What I learned: - Database choice matters: - nt = all nucleotides (huge, slow) - nr = all proteins - Custom databases for specific searches - E-value is key: Lower = better. E < 1e-10 is significant. E > 0.01 is probably noise. - Filter by date: I used entrez query to exclude SARS-CoV-2 sequences when finding closest relative

Common mistakes: - Not filtering results (too many irrelevant hits) - Ignoring E-value (low similarity hits) - Wrong database (viral query against bacterial database)

Real results:

Top BLAST hit:
Query Coverage: 100%
Percent Identity: 99.99%
E-value: 0.0
Match: SARS-CoV-2 isolate Wuhan-Hu-1

Web version: https://blast.ncbi.nlm.nih.gov/Blast.cgi

Installation: conda install blast

🌳 PART 3: Comparative Analysis & Phylogenetics

5. MUSCLE — The Alignment Tool

What it does: Aligns multiple DNA or protein sequences to identify conserved regions and differences.

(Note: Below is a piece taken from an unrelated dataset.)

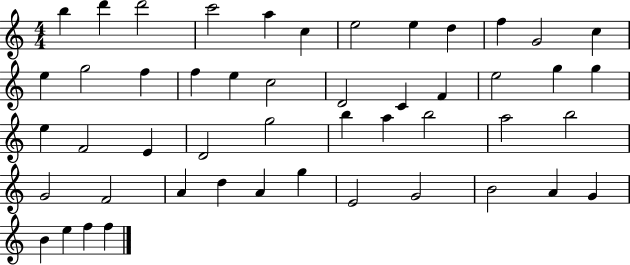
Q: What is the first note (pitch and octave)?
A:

When to use it: - Comparing 3+ sequences - Finding conserved/variable regions - Preparing data for phylogenetic analysis

My use case: Aligned SARS-CoV-2 spike protein with SARS-CoV-1 and RaTG13 to identify key mutations in receptor-binding domain.

How it works:

Unaligned sequences:
Seq1: ATCGATCG
Seq2: ATC--TCG
Seq3: ATCGAACG

MUSCLE aligns:
Seq1: ATCGATCG
Seq2: ATC--TCG
Seq3: ATCGAACG
      *** * **  (conserved positions)

Key parameters:

muscle \
  -in unaligned.fasta \
  -out aligned.fasta \
  -maxiters 16  # More iterations = better alignment

What I learned: - Protein vs DNA: Protein alignments more reliable for divergent sequences - Gaps matter: Insertions/deletions (indels) are biologically meaningful - Check by eye: Always visualize alignment (use Jalview)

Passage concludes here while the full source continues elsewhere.